A nice example is one CPU doing inc dword [foo] while another CPU does dec dword [foo] . After both instructions (on both CPUs) are executed the value should be the same as it originally was; but both CPUs could read the old value, then both CPUs could modify it, then both CPUs could write their new value; resulting in the value being 1 higher or 1 lower than you'd expect.

The solution was to use a #lock signal to prevent anything else from accessing the same piece of memory at the same time. Eg the first CPU would assert #lock then do it's read/modify/write, then de-assert #lock ; and anything else would see that the #lock is asserted and have to wait until the #lock is de-asserted before it can do any memory access.
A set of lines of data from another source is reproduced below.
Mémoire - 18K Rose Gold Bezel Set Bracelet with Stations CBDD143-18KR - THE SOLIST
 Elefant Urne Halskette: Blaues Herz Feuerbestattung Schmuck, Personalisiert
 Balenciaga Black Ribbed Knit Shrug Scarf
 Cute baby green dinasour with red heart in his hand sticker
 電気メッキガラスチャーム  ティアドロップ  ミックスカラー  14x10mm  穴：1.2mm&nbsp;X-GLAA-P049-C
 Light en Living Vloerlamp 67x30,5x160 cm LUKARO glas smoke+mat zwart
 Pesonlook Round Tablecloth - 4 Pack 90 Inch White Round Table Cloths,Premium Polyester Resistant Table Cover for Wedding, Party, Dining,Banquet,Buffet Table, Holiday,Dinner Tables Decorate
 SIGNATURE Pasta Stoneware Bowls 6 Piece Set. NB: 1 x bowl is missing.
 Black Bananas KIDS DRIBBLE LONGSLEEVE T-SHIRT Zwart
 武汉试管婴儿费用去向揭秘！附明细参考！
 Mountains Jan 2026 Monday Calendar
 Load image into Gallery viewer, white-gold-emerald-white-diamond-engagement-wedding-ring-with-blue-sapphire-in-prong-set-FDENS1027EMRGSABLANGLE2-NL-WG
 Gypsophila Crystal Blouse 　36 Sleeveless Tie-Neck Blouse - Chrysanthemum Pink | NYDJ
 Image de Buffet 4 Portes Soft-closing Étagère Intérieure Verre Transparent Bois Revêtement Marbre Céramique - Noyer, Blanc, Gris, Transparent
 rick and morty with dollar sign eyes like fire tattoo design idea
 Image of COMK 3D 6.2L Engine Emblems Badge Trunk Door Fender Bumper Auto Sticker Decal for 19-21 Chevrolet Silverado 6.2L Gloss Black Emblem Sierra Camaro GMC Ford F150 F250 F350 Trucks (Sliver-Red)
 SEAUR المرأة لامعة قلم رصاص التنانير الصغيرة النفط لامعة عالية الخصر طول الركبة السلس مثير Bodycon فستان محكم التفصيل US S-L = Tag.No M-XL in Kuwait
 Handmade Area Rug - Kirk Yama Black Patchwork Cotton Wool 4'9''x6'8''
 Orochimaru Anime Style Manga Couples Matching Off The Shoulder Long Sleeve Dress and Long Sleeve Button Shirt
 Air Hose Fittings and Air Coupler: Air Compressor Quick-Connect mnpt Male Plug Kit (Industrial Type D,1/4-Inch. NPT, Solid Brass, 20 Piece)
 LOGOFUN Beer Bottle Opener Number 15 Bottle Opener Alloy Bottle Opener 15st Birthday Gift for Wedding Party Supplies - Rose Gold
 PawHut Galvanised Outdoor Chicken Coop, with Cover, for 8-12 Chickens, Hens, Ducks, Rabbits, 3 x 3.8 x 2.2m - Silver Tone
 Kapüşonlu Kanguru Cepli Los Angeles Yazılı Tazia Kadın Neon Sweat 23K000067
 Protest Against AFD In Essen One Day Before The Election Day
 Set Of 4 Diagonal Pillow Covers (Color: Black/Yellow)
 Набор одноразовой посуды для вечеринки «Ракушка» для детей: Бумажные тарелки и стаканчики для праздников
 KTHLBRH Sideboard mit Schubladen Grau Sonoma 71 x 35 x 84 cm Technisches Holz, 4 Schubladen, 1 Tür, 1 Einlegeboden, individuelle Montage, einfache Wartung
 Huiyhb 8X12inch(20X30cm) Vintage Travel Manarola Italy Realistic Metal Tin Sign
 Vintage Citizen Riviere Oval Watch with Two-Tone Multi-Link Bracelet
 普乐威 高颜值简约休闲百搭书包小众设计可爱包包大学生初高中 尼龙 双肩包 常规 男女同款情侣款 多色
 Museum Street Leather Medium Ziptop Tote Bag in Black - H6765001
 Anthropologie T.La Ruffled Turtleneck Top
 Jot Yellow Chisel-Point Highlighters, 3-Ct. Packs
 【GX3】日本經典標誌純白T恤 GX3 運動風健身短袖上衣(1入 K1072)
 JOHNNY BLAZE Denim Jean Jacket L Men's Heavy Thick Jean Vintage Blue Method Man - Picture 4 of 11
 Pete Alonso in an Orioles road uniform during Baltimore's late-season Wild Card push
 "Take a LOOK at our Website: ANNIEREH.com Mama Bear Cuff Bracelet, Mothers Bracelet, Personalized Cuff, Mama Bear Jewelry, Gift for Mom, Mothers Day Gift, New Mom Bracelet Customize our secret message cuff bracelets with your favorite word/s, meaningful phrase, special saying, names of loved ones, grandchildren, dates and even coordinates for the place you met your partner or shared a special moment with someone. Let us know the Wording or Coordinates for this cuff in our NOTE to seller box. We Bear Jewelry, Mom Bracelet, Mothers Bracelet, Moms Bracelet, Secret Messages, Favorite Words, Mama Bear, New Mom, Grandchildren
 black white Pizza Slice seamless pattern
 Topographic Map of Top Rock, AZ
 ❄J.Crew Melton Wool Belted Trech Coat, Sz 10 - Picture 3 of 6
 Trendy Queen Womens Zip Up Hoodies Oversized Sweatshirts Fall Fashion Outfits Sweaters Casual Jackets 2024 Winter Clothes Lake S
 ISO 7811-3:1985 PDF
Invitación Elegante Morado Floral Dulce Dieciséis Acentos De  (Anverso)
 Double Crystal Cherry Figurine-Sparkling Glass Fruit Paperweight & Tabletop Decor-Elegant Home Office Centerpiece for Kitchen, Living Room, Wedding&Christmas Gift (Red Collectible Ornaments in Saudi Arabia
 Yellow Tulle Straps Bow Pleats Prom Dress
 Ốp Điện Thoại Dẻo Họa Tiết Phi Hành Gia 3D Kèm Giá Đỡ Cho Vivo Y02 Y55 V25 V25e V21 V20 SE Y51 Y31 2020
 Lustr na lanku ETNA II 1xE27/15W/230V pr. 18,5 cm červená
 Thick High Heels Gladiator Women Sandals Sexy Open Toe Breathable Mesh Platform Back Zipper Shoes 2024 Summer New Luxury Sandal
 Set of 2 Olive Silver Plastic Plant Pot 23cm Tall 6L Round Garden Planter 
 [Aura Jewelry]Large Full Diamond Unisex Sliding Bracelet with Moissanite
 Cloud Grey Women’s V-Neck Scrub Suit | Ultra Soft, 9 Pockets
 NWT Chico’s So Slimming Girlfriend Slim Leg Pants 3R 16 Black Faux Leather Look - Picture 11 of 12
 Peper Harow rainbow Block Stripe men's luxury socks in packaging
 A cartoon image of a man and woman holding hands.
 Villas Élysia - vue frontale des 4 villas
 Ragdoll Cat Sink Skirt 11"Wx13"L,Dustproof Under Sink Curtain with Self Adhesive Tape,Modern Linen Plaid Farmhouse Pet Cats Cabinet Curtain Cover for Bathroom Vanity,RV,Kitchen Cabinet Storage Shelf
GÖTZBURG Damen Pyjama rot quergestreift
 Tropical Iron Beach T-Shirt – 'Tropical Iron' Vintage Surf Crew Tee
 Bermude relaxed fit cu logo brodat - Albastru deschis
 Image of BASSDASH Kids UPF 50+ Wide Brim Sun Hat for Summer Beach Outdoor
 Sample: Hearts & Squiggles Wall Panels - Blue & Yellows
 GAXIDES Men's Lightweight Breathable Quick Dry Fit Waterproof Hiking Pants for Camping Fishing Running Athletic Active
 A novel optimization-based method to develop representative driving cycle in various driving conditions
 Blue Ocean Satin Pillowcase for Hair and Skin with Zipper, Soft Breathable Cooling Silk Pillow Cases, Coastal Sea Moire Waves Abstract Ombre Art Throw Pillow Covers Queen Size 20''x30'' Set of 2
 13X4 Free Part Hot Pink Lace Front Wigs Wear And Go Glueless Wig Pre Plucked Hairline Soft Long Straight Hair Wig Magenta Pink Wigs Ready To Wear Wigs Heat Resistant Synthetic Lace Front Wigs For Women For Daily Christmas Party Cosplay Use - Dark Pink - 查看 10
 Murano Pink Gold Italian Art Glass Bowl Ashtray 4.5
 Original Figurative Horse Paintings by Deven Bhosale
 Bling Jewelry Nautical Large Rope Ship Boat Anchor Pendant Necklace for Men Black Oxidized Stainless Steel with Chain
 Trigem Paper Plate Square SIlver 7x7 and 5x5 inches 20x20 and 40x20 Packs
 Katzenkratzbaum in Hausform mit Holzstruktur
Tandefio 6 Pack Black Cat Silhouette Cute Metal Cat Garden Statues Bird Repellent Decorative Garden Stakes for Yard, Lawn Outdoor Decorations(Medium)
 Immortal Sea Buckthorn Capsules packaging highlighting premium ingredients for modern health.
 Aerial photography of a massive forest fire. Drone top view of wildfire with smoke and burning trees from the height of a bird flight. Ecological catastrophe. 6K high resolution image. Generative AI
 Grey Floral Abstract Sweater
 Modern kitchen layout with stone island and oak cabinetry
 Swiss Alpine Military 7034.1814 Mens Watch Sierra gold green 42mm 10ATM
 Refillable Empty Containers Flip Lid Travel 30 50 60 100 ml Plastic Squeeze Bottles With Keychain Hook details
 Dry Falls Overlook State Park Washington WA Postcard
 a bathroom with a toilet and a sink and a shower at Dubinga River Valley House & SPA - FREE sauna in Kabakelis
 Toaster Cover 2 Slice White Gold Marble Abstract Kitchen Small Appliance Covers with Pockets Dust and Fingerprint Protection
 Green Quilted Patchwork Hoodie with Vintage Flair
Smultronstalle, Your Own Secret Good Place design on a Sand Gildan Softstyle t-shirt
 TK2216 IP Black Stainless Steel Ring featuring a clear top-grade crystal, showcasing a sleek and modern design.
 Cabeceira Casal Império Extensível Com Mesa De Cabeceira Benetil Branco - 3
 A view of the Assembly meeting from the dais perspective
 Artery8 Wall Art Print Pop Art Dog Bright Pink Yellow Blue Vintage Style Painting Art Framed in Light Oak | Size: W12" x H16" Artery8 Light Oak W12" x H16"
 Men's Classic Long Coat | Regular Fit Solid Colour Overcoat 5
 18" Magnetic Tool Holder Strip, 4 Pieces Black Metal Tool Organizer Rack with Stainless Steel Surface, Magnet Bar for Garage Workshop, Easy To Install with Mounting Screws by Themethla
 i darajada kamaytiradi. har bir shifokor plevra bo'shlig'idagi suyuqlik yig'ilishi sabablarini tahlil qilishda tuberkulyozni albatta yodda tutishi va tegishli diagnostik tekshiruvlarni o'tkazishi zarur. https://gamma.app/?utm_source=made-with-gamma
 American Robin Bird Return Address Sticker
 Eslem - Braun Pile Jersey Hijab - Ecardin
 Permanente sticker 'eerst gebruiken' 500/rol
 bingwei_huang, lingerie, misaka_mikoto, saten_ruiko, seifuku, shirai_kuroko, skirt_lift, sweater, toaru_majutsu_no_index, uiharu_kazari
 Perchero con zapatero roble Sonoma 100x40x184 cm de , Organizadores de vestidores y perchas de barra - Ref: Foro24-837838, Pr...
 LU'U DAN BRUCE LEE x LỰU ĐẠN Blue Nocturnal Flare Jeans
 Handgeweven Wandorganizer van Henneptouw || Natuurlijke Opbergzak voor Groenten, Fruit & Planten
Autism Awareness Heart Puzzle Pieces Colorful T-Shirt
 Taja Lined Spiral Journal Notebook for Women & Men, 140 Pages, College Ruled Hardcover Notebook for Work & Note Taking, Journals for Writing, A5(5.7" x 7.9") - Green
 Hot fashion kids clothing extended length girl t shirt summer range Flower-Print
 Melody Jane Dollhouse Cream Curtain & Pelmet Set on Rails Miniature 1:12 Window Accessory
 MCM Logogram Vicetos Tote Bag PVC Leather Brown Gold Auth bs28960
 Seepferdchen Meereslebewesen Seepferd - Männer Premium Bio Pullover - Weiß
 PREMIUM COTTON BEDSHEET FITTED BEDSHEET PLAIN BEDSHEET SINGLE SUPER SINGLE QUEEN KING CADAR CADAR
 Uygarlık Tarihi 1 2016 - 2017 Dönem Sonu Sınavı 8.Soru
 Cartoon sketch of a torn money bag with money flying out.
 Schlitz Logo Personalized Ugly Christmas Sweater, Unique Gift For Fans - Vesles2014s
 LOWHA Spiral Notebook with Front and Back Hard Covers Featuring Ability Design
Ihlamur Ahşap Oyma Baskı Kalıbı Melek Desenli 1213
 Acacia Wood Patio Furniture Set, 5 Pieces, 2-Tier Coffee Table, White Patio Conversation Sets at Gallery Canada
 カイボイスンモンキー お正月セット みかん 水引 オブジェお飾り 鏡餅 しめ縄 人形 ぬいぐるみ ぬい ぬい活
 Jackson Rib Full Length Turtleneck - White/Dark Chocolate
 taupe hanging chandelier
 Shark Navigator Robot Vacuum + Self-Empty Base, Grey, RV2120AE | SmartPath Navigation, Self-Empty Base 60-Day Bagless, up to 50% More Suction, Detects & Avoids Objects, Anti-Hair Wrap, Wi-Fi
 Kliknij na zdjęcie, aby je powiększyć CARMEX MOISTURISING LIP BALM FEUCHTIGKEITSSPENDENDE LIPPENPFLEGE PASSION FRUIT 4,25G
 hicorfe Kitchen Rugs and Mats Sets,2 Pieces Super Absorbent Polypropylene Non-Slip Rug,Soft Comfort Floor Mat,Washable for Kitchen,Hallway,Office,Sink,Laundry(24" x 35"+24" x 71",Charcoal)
In other words, it's a simple form of mutual exclusion (like a spinlock, but in hardware).

Of course "everything else has to wait" has a performance cost; so it's mostly only done when explicitly requested by software (eg lock inc dword [foo] and not inc dword [foo] ) but there are a few cases where it's done implicitly - xchg instruction when an operand uses memory, and updates to dirty/accessed/busy flags in some of the tables the CPU uses (for paging, and GDT/LDT/IDT entries). Also; later (Pentium Pro I think?), the behavior was optimized to work with cache coherency protocol so that the #lock isn't asserted if the cache line can be put in the exclusive state instead.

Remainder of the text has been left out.